Introduction

High-order harmonics can be generated when atoms, molecules are irradiated by an intense laser pulse. These harmonics span a very broad spectral range and are locked in phase, leading to the generation of coherent attosecond pulses, which have made a breakthrough of time-resolved measurements in the attosecond time-scale1,2. On the other hand, the broadband spectra of HHG involve rich information of the atomic and molecular targets and provides a promising way to detect the target structure and dynamics3,4,5,6. The HHG process is well explained by the three-step model7: the most active electron of the atom or molecules is firstly freed and secondly is accelerated by the intense laser field. Finally, the electron returns to the parent ion with emitting high-order harmonics when the driving field changes its direction. A quantum theory following this idea has also been developed within the strong-field approximation (SFA)8. According to this theory, in the third step, the accelerated electron is scattered by the parent ion in a well-defined direction. This makes HHG of molecules dependent strongly on the molecular orientation. By performing a tomographic analysis of the harmonic signals obtained at different molecular orientations, an image of the orbital from which the electron was released can be reconstructed. This idea was first proposed and demonstrated by Itatani et al.9 to reconstruct the highest occupied molecular orbital (HOMO) of N2. Since then, molecular orbital tomography (MOT) with HHG has attracted a great deal of attention for its potential application to monitor the dynamics of chemical reactions10,11,12,13 and recently it has been applied to some other species such as CO214 and asymmetric molecule CO15,16.
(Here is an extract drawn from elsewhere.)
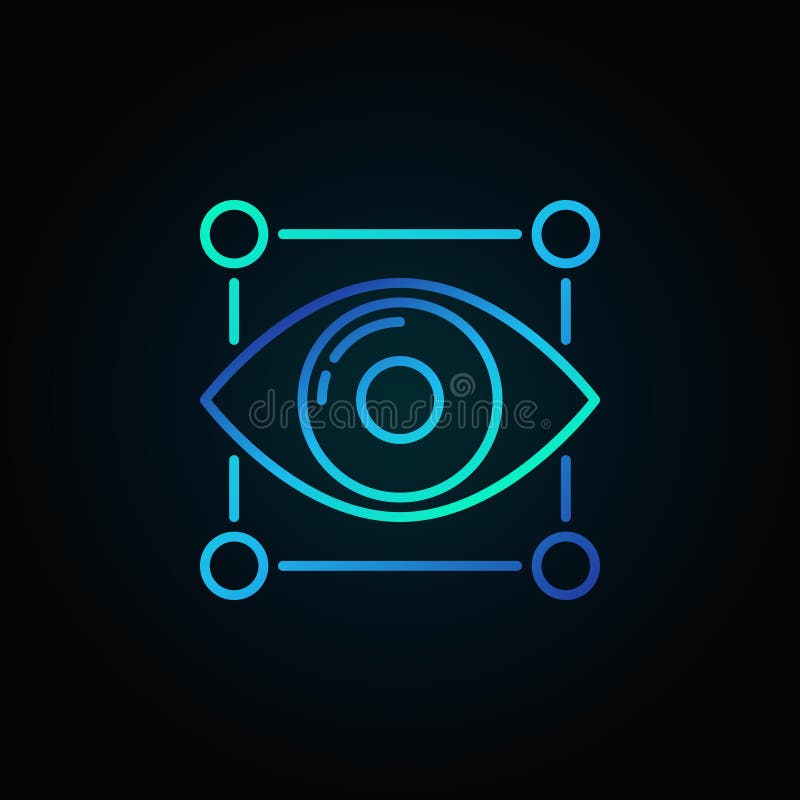 Icono azul del vector del ojo ilustración del vector Icono azul del vector del ojo ilustración del vector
The MOT procedure relies on the basic assumption of strong-field approximation (SFA)8 theory: the electron dynamics in the second step is determined by the laser field with no influence of the parent ion. With this assumption, the continuum electron wave functions are approximated by the plane waves (PWs)9. Then transition dipole is given in the form of Fourier transform of the HOMO weighted by the dipole operator and the molecular orbital can be directly reconstructed by performing inverse Fourier transform of the dipole moment. However, it’s well known that the PW approximation is a priori inadequate in the range of relatively low electron kinetic energies from several tens to 100 eV where the HHG experiments are usually performed. Recent works have demonstrated that the Coulomb potential of the parent ion could distort the continuum wave function and further influence harmonic emission from molecules17,18. In particular, Walters et al.19 have pointed out that the accuracy of MOT can be greatly affected by the distortion of scattering wave functions due to the electron-ion interaction. For these reasons, the MOT based on PW approximation has raised a long-standing controversy20,21 about its applicability to real-world molecular systems since it was proposed.

To overcome the defect of PW approximation, much effort has been expended to correct the SFA by including Coulomb effects in strong-field ionization22,23. For MOT, it’s also desirable to take the Coulomb effects of the parent ion on the continuum electrons into account. In this work, we demonstrate a Coulomb-corrected MOT (CCMOT) method to reconstruct the HOMO of N2 in experiment. By using a two-center Coulomb wave to describe the molecular continuum states, we successfully reconstruct the HOMO of N2. The reconstructed orbital matches well with the theoretical result and retains the main features of the Hartree-Fock orbital. Compared to the reconstruction based on PW approximation, the CCMOT can effectively remove the additional structures introduced by PW approximation in the reconstructed orbital. Our result shows a significant improvement over the PW result and provides a more accurate method for MOT.

Results

In our experiment, we have measured the harmonic emission from N2 (Ip = 15.58 eV) and its reference atom Ar (Ip = 15.76 eV) with the same laser conditions (see Methods). Figure 1(a,b) display the spatially resolved harmonic spectra generated from isotropically aligned (without pump pulse) N2 and Ar respectively and their corresponding spatially integrated HHG signals are presented as the solid (N2) and dashed (Ar) lines in Fig. 1(c). One can see that, with the increase of harmonic order, the HHG yield from Ar (dashed line) decreases rapidly. While for N2, it presents a minimum at 25th harmonic in the harmonic spectrum.

Figure 1
figure 1

Measured harmonic spectra from (a) randomly aligned (without pump pulse) N2 molecules and (b) the reference atomic gas Ar. (c) The spatially integrated HHG signals for the spectra in (a) (solid line) and (b) (dashed line).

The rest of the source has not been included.